# Problem
Only the lines with the string "Ford" are needed; return each of them from the entries below.

+ + + + + + +

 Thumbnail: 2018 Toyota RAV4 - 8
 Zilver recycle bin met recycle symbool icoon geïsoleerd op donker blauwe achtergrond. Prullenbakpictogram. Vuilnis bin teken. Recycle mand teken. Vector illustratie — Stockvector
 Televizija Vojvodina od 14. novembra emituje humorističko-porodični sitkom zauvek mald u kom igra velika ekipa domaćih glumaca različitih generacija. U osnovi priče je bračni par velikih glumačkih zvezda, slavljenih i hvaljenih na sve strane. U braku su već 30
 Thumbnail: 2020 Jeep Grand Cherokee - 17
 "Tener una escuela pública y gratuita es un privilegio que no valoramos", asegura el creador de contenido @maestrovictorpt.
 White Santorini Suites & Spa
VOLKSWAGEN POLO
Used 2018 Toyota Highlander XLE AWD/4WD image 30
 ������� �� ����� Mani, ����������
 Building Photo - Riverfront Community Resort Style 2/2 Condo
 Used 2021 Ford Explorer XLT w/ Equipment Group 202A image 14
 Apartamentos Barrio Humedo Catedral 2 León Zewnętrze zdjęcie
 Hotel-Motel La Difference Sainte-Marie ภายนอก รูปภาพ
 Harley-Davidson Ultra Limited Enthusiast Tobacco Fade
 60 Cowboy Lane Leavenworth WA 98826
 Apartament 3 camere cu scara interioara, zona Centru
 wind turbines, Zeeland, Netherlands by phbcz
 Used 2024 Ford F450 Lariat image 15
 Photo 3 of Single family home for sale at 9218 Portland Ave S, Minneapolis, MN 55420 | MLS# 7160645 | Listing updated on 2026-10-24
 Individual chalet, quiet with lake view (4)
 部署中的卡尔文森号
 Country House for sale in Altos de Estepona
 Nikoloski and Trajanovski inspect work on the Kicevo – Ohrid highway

+ + + + + + +

# Answer section
 Used 2021 Ford Explorer XLT w/ Equipment Group 202A image 14
 Used 2024 Ford F450 Lariat image 15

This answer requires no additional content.